Time to end the bickering and re-examine Taif

Do Lebanon’s woes lie in the failure to implement the accord, or within the agreement itself?

By Adnan El-Ghoul , Daily Star staff


BEIRUT: Despite receiving “verbal” approval from most Lebanese politicians, the Taif Accord has so far failed to produce an accurate representation of Lebanese voters, and many Lebanese have begun to doubt whether their politicians are actually committed to building a republic based on the the 1989 peace agreement.

One of the accord’s major setbacks was the establishment of the “troika” system, which led to one of the country’s top three leaders – the house speaker, prime minister and president – overpowering the other two.
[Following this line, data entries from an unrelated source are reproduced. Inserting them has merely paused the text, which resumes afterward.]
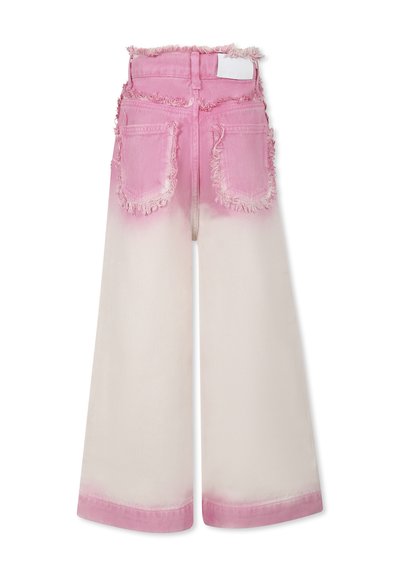 Roze naar crème kleurverloop denim broek met rafels, wijde pijpen en twee achterzakken, die een losse, casual stijl uitstralen.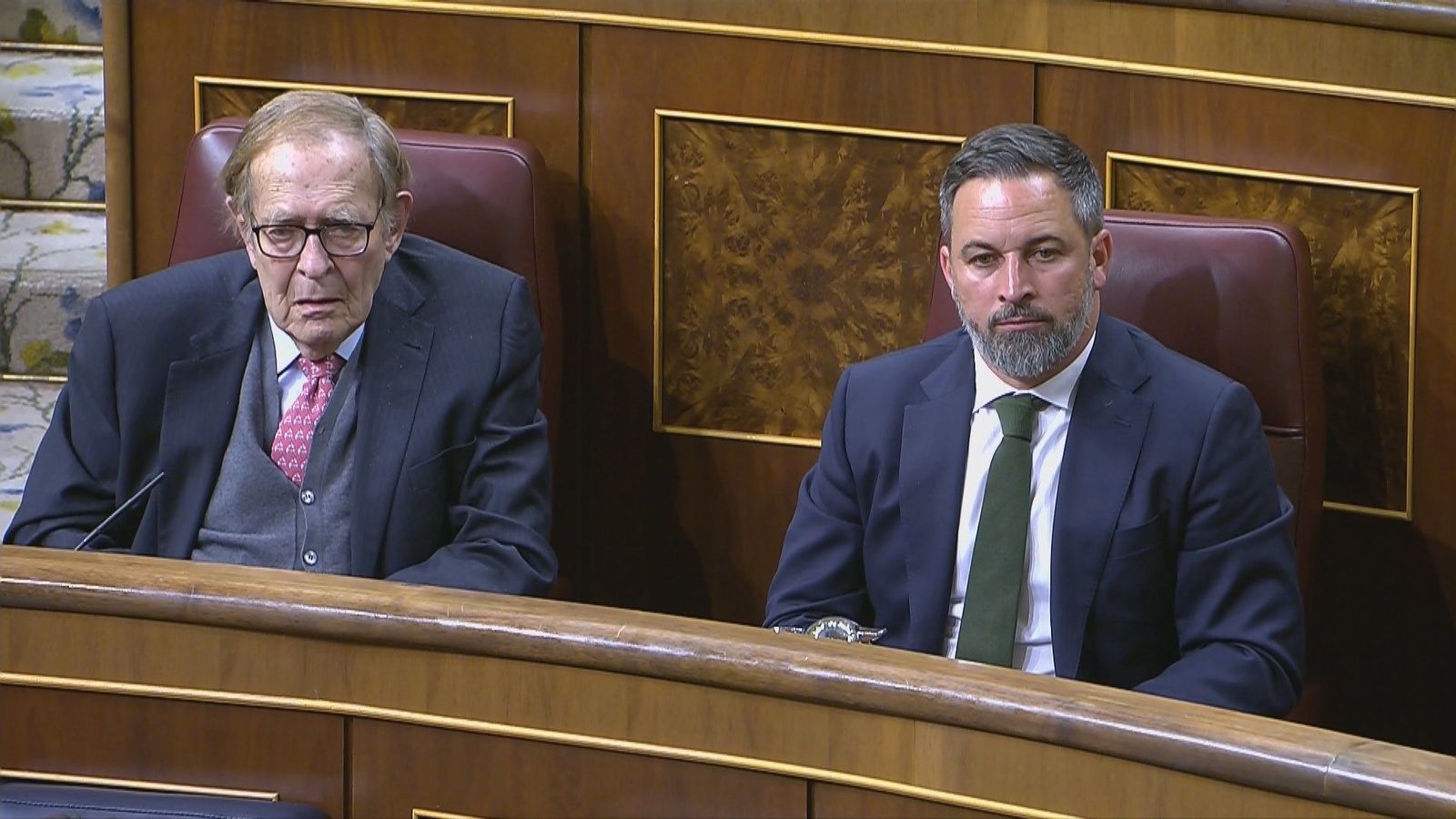 Primera jornada de la moción de censura: Once horas con referencias al "tocho" y al "glutamato"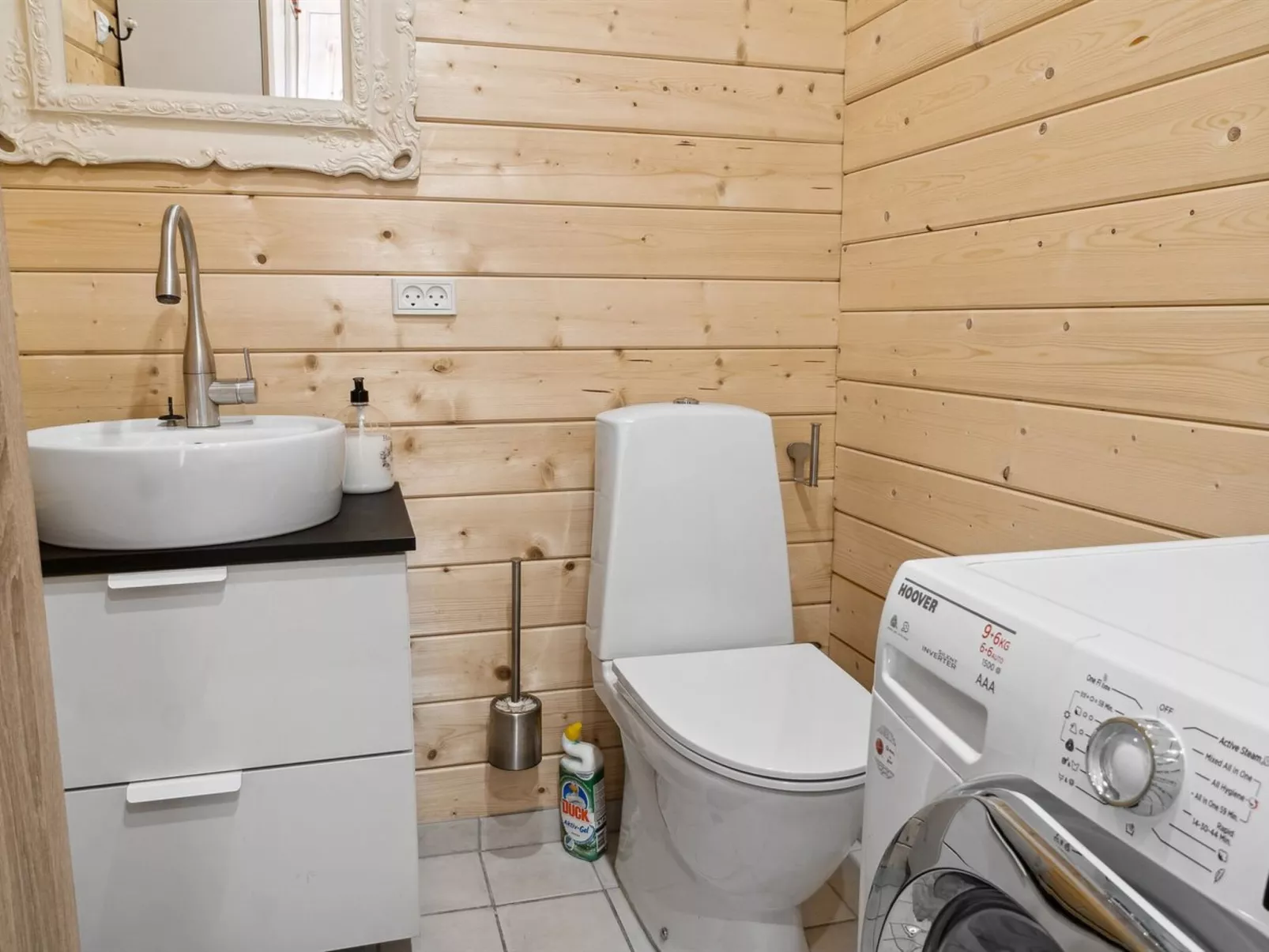 "Vicktoria" - 1.5km from the sea-Binnen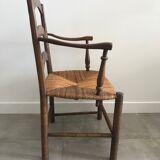 Fauteuil en bois avec assise paillée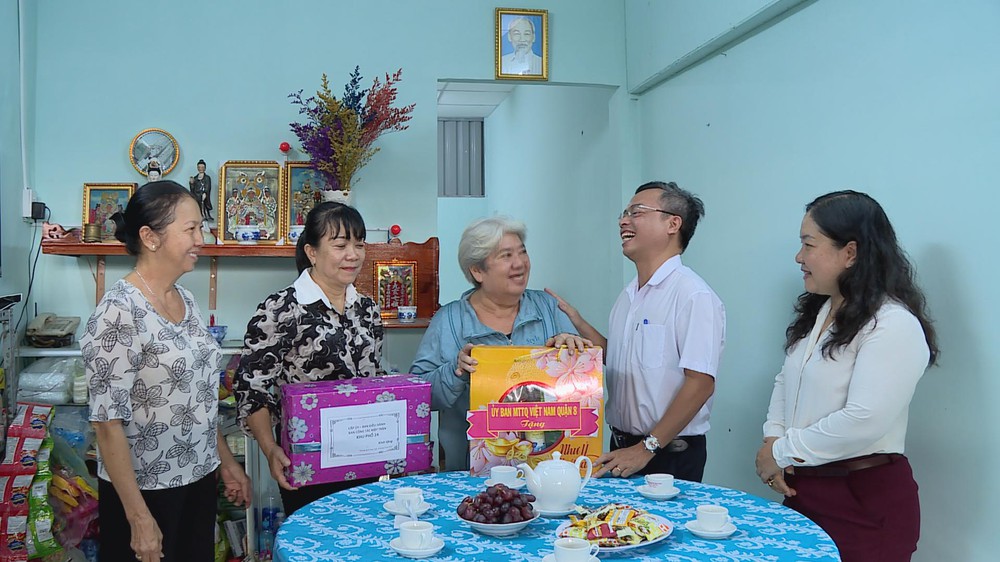 TP.HCM nỗ lực về đích xoá nhà tạm, nhà dột nát - Ảnh 5.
The speaker has the power to decide on most legislative issues.

Accordingly, some political circles have not bothered to hide their disappointment, claiming Taif has deepened the sectarian divide instead of solving the questions of equality and coexistence between Lebanon’s different sects and religious groups.

Others believe Taif too ambiguous, subject to interpretation and fails to offer the minimum requirements upon which to build and sustain a genuine national reconciliation.

Still others wonder whether the accord itself has not pushed Lebanon to the brink of disaster in which the country now finds itself.

Those who support the Taif Accord accuse their opponents of backing away from the agreement and betting on a new political power balance and changing international dynamics to gain a “more favorable deal.”

Regardless of which camp one prescribes, the country is still subject to major uncertainties resulting from a failure to resolve controversial domestic issues coupled with expected international pressure to implement the remaining clauses of UN Security Council Resolution 1559.

Forgetting for a moment regional and international influence, Parliament is the only constitutional organization (at least in principle) in place to prevent chaos and provide answers to reservations and fears arising from the Taif Accord.

The key question is will the new Parliament, expected to be formed over the next few weeks, play a reconciliatory role or be part of the problem?

The new Parliament is likely to reflect the national divide and the present government’s failure to reach a consensus on the more pressing issues facing the country, despite efforts exerted locally and from abroad.

However, a failure to realize a new electoral law and instead adopting the 2000 version will only lead to further mistrust amongst voters, as well as inflict heavy damage to any new Parliament’s credibility.